1°/ à Mme [P] [R], domiciliée [Adresse 1],

2°/ à la mutualité sociale agricole de Lorraine, dont le siège est [Adresse 2],

défenderesses à la cassation.

La demanderesse invoque, à l'appui de son pourvoi, le moyen unique de cassation annexé au présent arrêt.

Le dossier a été communiqué au procureur général.

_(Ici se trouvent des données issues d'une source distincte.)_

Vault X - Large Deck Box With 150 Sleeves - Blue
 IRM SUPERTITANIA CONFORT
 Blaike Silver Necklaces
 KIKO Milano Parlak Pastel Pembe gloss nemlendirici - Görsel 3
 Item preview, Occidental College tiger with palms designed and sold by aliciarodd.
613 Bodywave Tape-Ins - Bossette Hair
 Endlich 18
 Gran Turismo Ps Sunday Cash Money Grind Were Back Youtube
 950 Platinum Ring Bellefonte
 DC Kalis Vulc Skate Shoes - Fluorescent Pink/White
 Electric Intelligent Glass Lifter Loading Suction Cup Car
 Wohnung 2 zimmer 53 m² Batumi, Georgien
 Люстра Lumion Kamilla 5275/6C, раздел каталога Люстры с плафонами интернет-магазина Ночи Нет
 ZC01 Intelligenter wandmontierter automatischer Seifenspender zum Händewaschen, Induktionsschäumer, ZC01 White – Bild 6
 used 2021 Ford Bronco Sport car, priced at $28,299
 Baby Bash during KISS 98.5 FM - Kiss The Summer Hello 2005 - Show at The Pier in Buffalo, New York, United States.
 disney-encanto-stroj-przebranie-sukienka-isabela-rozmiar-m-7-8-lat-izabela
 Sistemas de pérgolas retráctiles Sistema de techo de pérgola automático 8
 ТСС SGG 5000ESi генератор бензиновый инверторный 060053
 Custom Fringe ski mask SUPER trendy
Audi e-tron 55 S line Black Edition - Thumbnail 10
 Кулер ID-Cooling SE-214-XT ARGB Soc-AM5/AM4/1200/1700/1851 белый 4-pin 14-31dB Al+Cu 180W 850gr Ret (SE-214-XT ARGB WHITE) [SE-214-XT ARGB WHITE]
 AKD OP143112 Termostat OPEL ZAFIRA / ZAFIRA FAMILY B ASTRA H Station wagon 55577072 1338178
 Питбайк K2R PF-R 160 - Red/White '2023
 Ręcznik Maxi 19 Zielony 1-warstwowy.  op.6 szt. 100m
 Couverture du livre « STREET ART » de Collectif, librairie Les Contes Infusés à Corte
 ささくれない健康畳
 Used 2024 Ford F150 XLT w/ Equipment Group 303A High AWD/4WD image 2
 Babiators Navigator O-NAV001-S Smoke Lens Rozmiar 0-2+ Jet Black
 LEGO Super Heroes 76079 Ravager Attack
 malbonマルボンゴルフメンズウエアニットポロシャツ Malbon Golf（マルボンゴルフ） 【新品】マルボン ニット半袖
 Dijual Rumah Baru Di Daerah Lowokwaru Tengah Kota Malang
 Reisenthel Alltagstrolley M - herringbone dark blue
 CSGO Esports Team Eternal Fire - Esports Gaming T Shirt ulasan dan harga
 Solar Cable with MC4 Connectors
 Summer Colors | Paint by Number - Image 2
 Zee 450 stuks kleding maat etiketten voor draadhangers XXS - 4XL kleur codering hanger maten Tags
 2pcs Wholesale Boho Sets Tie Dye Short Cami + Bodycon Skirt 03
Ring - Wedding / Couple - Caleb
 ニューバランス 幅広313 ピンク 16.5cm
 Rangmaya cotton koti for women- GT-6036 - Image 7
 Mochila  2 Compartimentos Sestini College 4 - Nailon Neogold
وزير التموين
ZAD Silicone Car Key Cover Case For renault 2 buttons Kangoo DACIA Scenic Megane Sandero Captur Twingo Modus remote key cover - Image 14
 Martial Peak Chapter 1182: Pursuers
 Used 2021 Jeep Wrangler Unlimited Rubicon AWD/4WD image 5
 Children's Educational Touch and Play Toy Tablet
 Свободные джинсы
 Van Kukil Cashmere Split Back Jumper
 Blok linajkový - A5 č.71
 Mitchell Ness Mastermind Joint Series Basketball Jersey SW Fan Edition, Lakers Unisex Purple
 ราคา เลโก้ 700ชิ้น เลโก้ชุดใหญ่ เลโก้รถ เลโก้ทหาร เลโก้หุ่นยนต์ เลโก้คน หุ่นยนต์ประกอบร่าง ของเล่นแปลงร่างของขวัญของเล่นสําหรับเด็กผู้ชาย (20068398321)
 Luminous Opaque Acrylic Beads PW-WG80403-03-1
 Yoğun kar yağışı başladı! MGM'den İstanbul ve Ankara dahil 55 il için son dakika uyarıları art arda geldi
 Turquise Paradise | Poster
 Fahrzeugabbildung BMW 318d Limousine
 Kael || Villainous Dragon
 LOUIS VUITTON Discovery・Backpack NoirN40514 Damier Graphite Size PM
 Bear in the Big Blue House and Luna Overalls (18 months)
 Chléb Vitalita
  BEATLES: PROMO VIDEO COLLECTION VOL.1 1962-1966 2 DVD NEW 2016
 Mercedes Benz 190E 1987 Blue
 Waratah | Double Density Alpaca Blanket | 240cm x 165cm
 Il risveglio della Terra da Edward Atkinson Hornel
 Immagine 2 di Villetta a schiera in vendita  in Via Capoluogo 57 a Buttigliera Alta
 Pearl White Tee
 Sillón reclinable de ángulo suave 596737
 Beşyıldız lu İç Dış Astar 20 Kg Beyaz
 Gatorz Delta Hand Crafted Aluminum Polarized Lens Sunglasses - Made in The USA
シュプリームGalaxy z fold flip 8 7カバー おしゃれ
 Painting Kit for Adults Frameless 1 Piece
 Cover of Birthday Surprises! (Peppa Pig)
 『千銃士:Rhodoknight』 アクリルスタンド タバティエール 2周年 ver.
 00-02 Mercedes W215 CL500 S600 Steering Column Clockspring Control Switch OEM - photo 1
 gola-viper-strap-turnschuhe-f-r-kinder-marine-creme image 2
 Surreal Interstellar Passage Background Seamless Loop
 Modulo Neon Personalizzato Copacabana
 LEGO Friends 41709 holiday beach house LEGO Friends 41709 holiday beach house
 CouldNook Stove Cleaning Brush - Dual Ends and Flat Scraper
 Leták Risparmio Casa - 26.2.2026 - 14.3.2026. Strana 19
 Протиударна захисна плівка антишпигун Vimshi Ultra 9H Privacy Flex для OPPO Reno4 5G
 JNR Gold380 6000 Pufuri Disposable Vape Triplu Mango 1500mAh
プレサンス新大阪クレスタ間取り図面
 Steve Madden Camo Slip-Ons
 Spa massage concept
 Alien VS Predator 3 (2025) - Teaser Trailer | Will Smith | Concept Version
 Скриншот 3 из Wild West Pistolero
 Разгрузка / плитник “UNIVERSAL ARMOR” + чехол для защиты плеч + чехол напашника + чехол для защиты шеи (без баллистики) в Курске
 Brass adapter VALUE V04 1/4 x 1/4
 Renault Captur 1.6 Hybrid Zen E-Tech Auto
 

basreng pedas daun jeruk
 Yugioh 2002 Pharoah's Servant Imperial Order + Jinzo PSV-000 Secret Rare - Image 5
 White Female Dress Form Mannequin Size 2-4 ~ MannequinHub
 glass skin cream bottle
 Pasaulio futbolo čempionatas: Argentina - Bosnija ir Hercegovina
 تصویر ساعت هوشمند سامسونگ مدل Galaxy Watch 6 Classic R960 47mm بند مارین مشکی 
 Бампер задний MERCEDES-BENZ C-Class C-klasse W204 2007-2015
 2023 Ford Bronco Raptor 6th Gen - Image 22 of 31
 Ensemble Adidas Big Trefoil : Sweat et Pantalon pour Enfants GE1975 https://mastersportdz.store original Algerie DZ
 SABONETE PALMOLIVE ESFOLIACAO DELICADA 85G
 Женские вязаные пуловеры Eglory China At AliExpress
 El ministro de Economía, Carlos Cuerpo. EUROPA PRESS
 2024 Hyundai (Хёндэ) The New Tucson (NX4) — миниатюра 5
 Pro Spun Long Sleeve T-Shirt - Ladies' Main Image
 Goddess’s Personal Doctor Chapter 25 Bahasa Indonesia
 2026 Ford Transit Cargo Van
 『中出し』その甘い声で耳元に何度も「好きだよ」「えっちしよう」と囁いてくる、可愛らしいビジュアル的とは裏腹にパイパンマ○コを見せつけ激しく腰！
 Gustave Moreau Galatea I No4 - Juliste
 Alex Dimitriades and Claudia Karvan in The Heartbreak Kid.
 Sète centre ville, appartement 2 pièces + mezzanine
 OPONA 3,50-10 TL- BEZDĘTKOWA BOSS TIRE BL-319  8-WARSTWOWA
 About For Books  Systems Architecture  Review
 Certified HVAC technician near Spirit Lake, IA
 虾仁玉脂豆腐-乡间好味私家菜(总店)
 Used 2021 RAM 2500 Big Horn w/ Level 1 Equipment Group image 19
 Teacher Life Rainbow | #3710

Sur le rapport de Mme Philippart, conseiller référendaire, les observations de la SARL Cabinet Rousseau et Tapie, avocat de la société Pacifica, de la SCP Didier et Pinet, avocat de Mme [R], et l'avis de Mme Nicolétis, avocat général, après débats en l'audience publique du 3 janvier 2023 où étaient présents M. Pireyre, président, Mme Philippart, conseiller référendaire rapporteur, Mme Leroy-Gissinger, conseiller doyen, et M. Carrasco, greffier de chambre,

la deuxième chambre civile de la Cour de cassation, composée des président et conseillers précités, après en avoir délibéré conformément à la loi, a rendu le présent arrêt.

Faits et procédure

1. Selon l'arrêt attaqué (Nancy, 28 juin 2021), Mme [R] a été victime d'un accident de la vie privée.

2. Au titre d'une garantie « accidents de la vie », elle a assigné son assureur, la société Pacifica (l'assureur), aux fins d'indemnisation de ses préjudices.

Examen du moyen

Sur le moyen, pris en ses première, troisième, quatrième et cinquième branches, ci-après annexé


3. En application de l'article 1014, alinéa 2, du code de procédure civile, il n'y a pas lieu de statuer par une décision spécialement motivée sur ces griefs qui ne sont manifestement pas de nature à entraîner la cassation.


Mais sur le moyen, pris en sa deuxième branche

Enoncé du moyen

4. L'assureur fait grief à l'arrêt de fixer le préjudice de la victime à 112 146,75 euros au titre des pertes de gains futurs et 737 874,60 euros au titre du retentissement économique, et de le condamner à payer à cette dernière la somme de 991 783,85 euros à titre d'indemnisation de ses préjudices, alors « que la victime ne peut obtenir une double indemnisation pour un même préjudice ; le contrat d'assurance garantissait « le retentissement économique définitif après consolidation sur l'activité professionnelle future de la victime, entraînant une perte de revenus ou son changement d'emploi » ; que la prise en charge du salaire d'un palefrenier pour remplacer la victime revient à solliciter la compensation d'une perte de revenus professionnels, lesquels connaissent une diminution par la hausse des charges de l'exploitation ; qu'en allouant la somme de 737 874,60 euros au titre du retentissement économique définitif résultant de « l'obligation d'être remplacée pour l'exécution des tâches devenues totalement et partiellement impossibles », en plus d'une indemnité pour la perte de gains professionnels futurs, la cour d'appel a indemnisé deux fois le même préjudice, en violation du principe de la réparation intégrale, sans perte ni profit pour la victime. »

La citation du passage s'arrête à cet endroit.